Labour renews pressure on government to slash business rates
Labour will tomorrow renew its calls to slash business rates as it airs concerns that nearly 1m British jobs are currently at risk.
Shadow chancellor Rachel Reeves will pile pressure on Rishi Sunak to entirely reform the taxation system in his autumn Budget, while pointing out that figures from the Office for National Statistics (ONS) show 332,000 business are at-risk of closure in the next three months.
This includes 62,000 businesses in London, according to Reeves.
British businesses are facing several crises this winter as above expected inflation and runaway energy costs begin to bite.
The UK is also facing key worker and supply chain shortages that threaten to cripple the economy.
Mike Cherry, national chair at the Federation of Small Businesses, said the ONS figures “demonstrate just how desperate the need for [business rates] reform is”.
“Alleviating business rates will help as small firms face current cost increases, supply chain issues and the forthcoming hikes to National insurance,” he said.
The shadow chancellor announced in her party conference speech last month that a future Labour government would increase the small business rates relief threshold from £15,000 to £25,000, in what would amount to a tax cut for small businesses, while the Digital Services Tax would increase from 10 to 12 per cent temporarily.
Business rates would then be entirely abolished and replaced with a yet-to-be announced system.
Reeves will tomorrow bring forward a non-binding opposition day vote on her proposals, just one week before Sunak reveals his autumn Budget.
“[Businesses] are struggling right now, with a cliff-edge in rates relief coming up in March, and increasing shortages and supply chain issues increasing pressure and costs,” she said.
In the current system, business rates are based on a company’s “rateable” property value, with industry chiefs raising concerns about the lack of frequency in which property valuations are updated
Business groups have called for reform of the business rates system to also take into account the advantage it gives to digital firms who have less of a physical presence.
The Confederation of British Industry (CBI), alongside 41 trade associations, last week said up to 50 per cent of business investment can be caught by business rates under the present system.
The collection of business bodies wrote to Sunak to call for a complete business rates overhaul.

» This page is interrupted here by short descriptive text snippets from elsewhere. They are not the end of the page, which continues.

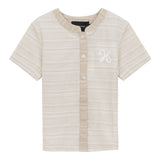 Woven Crinkle Stripe Shirt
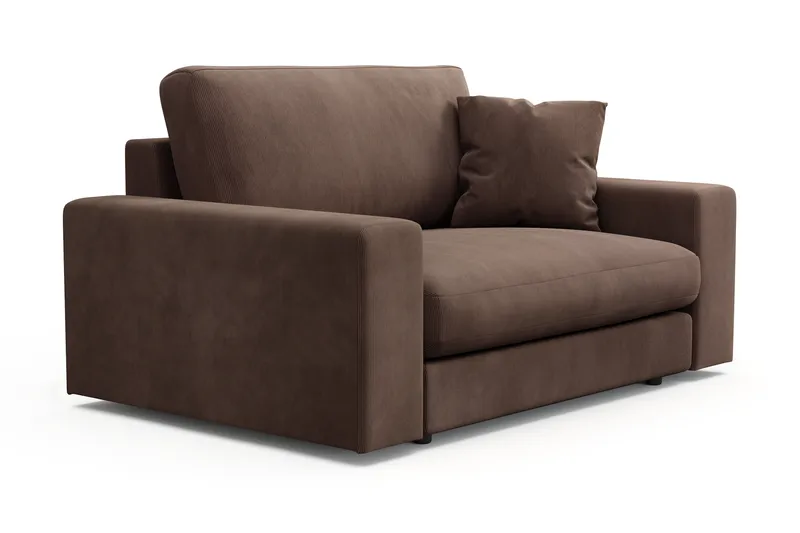 Arken Lyx Stor Djup Fåtölj i Manchester - Brun - Möbler - Stolar & fåtöljer - Fåtölj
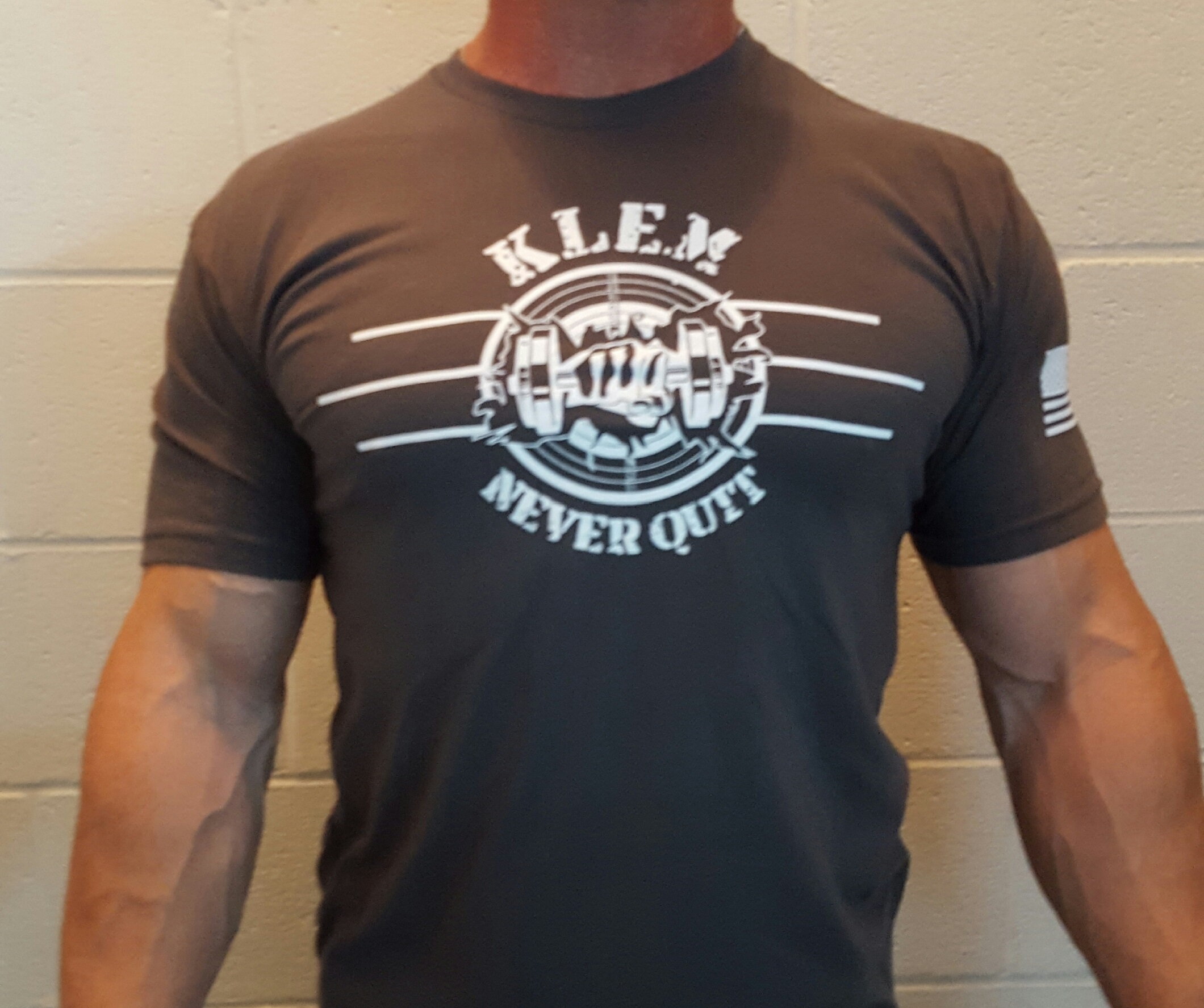 KLEM - Gray Never Quit T-Shirt - NICK KLEMENTOWICZ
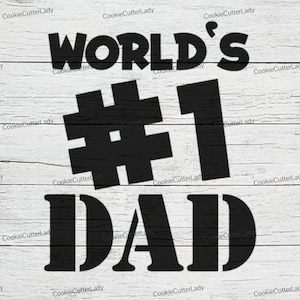 World&#39;s #1 Dad Stencil | REUSABLE, DURABLE, WASHABLE Craft Stencil | Use for Signs, Walls, Canvas & More!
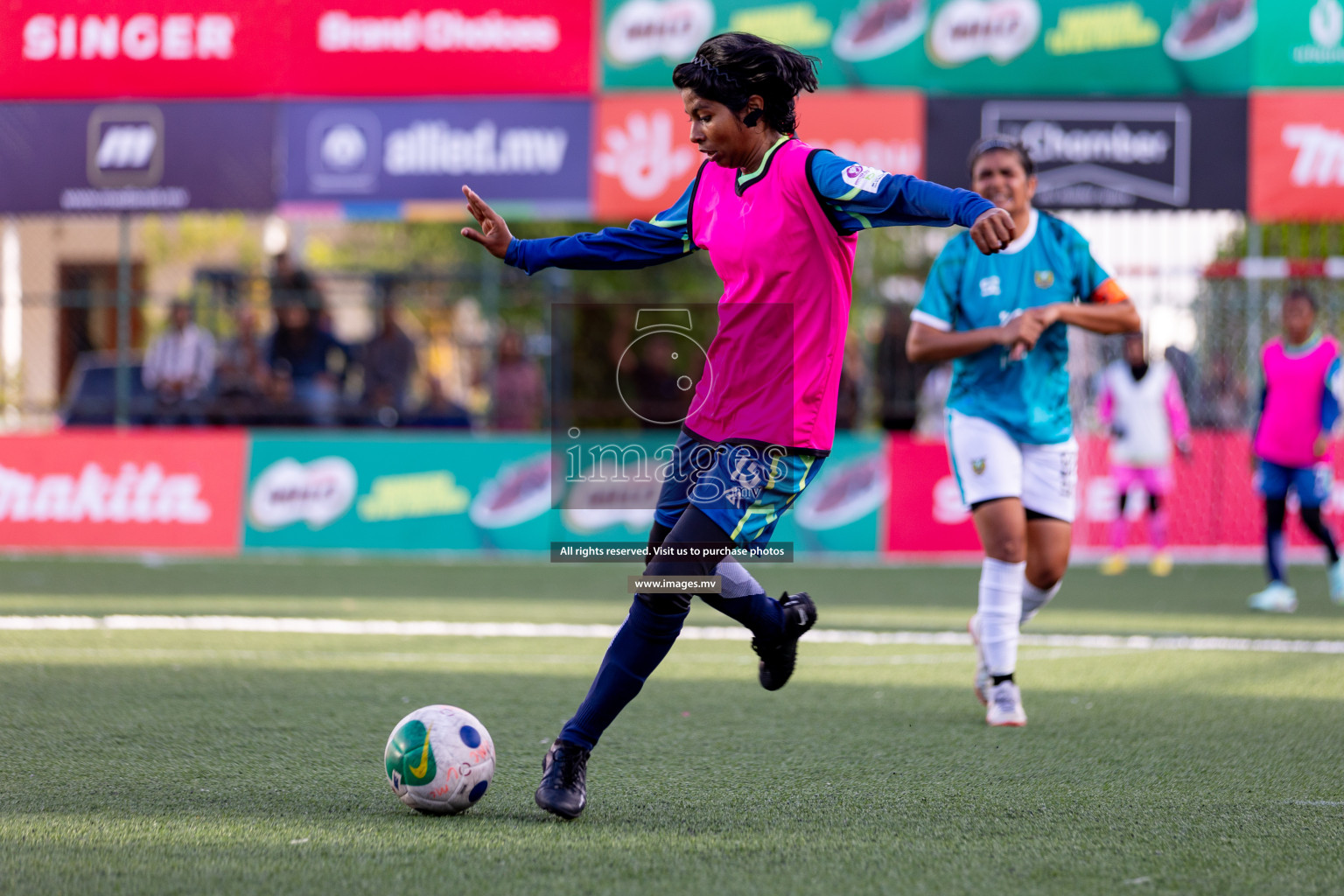 WAMCO vs MACL in 18/30 Futsal Fiesta Classic 2023 held in Hulhumale, Maldives, on Tuesday, 18th July 2023 Photos: Hassan Simah / images.mv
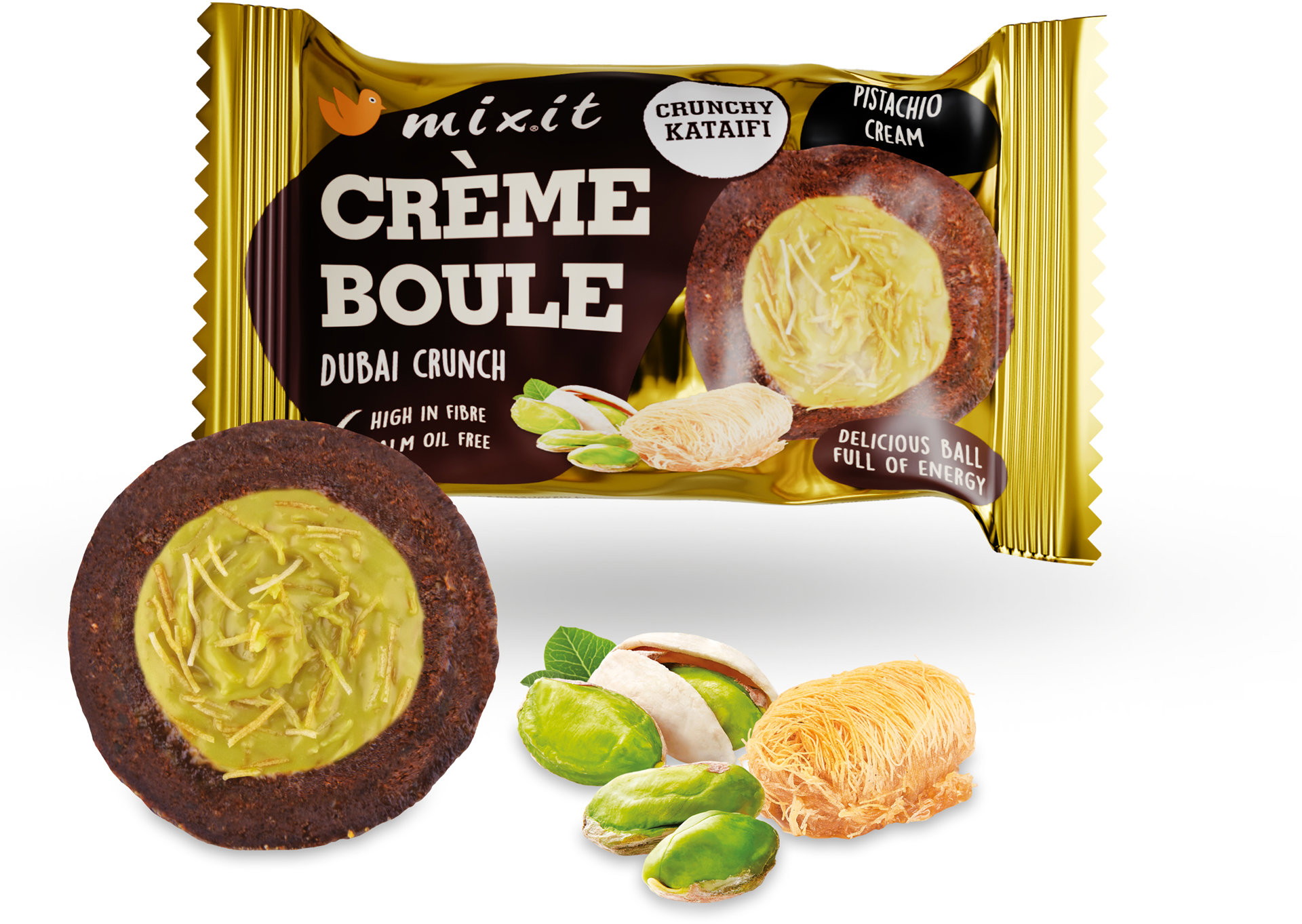 Mixit Créme boule – Dubai crunch 30 g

Speaking today, the CBI’s chief economist Rain Newton-Smith said: “The chancellor must use the upcoming Budget to reduce the burden of business rates. And ahead of Cop26, it’s self-defeating for England’s property taxes to disincentivise decarbonisation efforts.
“Any can-kicking – or further business tax rises – would be seen a lost opportunity by firms of all sizes given the desire from both business and government to really go for growth.”
The Treasury was contacted for comment.